GMBI Soroti Lambannya Penanganan Kasus Asusila Anak, Desak PPA Polres Lampung selatan Bertindak Cepat

Lampung Selatan | fokuslensanusantara | 18/03/2026 – DPP LSM GMBI melalui Kadiv Litigasi, Heri Suhandi, melontarkan pernyataan tegas terkait lambannya penanganan kasus dugaan asusila terhadap anak di bawah umur di Desa Saung Sido Mulyo, Kabupaten Lampung Selatan.
Heri Suhandi Sh.Mh.menyatakan dukungan penuh kepada Ketua Wilter Lampung, Heri Prasojo, yang selama ini aktif melakukan advokasi dan pendampingan hukum terhadap korban. Ia menilai, upaya tersebut merupakan bentuk nyata keberpihakan terhadap keadilan, khususnya bagi anak sebagai kelompok rentan.

Namun demikian, Heri Suhandi secara terbuka menyoroti kinerja Unit Perlindungan Perempuan dan Anak (PPA) Polres Lampung Selatan yang dinilai belum menunjukkan percepatan signifikan.
“Perkara ini sudah berjalan lebih dari satu tahun. Keterlambatan seperti ini berpotensi merugikan korban, baik secara psikologis maupun dari sisi kepastian hukum. Kami mendesak agar penanganannya tidak berlarut-larut,” tegasnya.
Ia juga menekankan bahwa kasus yang menyangkut anak seharusnya menjadi prioritas utama aparat penegak hukum, bukan justru terkesan berjalan di tempat. Menurutnya, lambannya proses dapat memunculkan persepsi publik yang negatif terhadap komitmen penegakan hukum.

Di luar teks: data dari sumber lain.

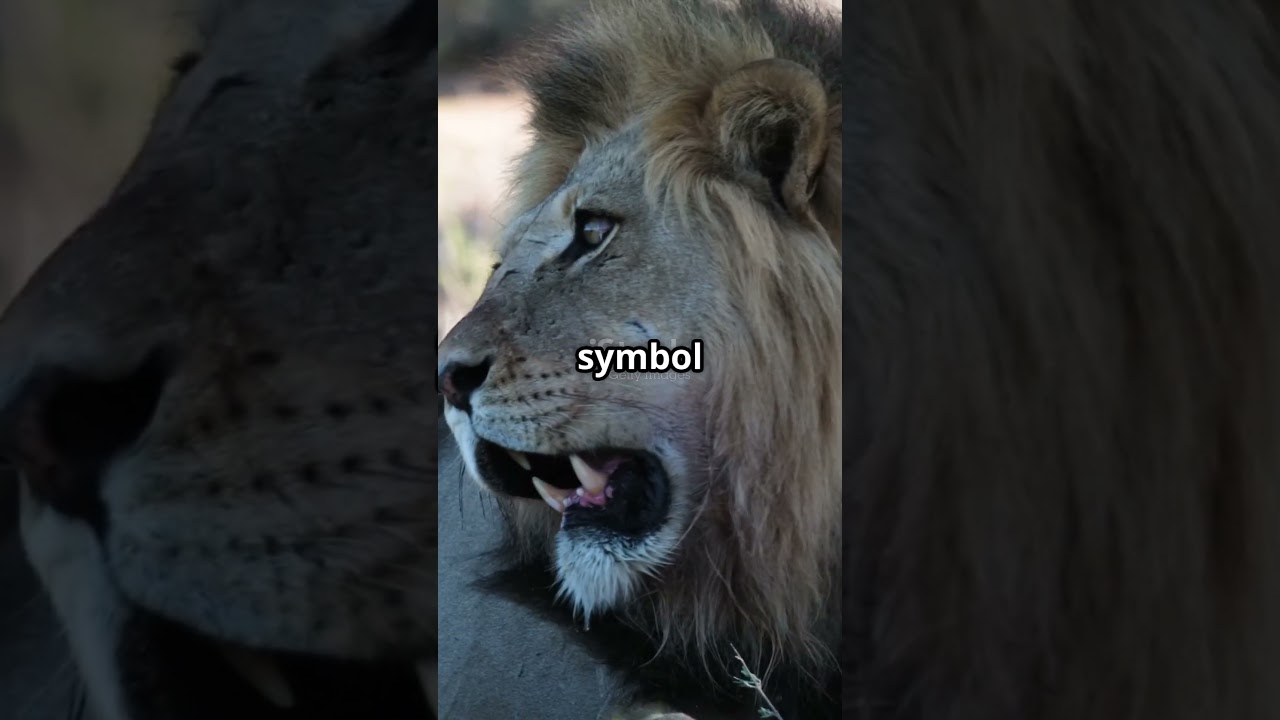 lion the king of jungle 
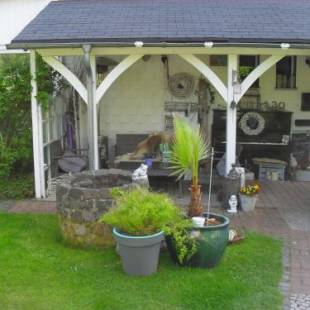 Фотографии мини отеля
Villa Jani b&b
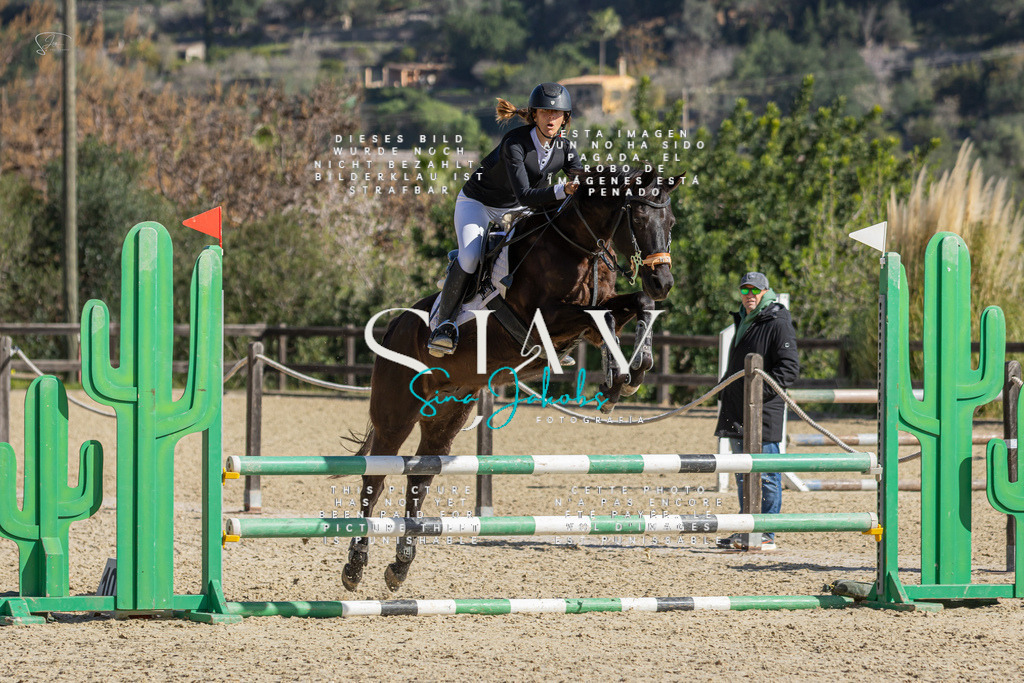 IMG_6248 | s-jay-photography - Realisiert mit Pictrs.com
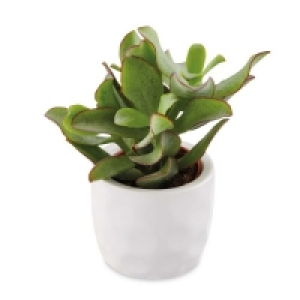Aldi  Succulent In Ceramic 6cm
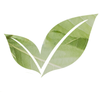 Growth Hypnosis Hypnotherapy & EMDR Chiswick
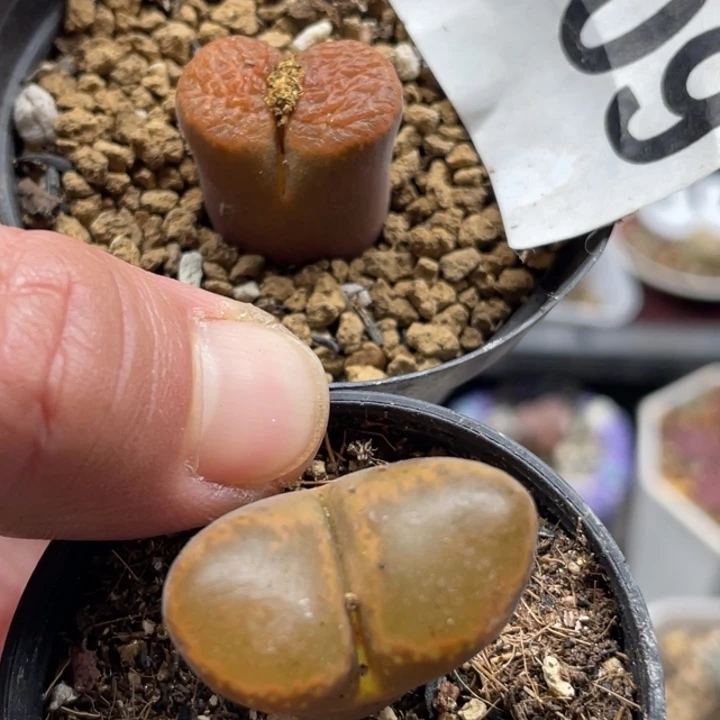 完全开放509蛋糕风铃两颗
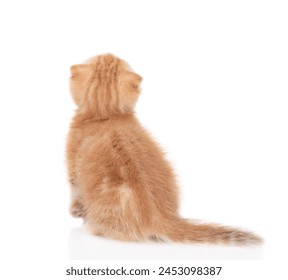 Ginger tabby tiny kitten sits in back view and looks up. isolated on white background - Powered by Shutterstock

Dukungan serupa di sampaikan oleh ketua LS M GMBI distrik lampung timur R.FIKRI terhadap ketua GMBI wilter lampung atas pendampingan hukum kepada kasus asusila anak di bawah umur dan mendesak polres lampung selatan untuk lebih serius lagi dalam penangannya.
“Kami mendesak polres lampung selatan agar lebih serius lagi dalam menangani kasus ini,jangan sampai berlarut larut sehingga menimbulkan persepsi Liar diruang publik terhadap penegak hukum'” ujar ketua distrik lampung timur.
Senada diuangkapkan ketua LSM GMBI wilter lampung Heri Prasojo SH.MH. mengungkapkan keprihatinannya atas perkembangan penanganan perkara yang dinilai belum maksimal. Ia menyoroti alasan penyidik yang meminta korban menjalani tes DNA sebagai salah satu tahapan yang dinilai memperpanjang proses.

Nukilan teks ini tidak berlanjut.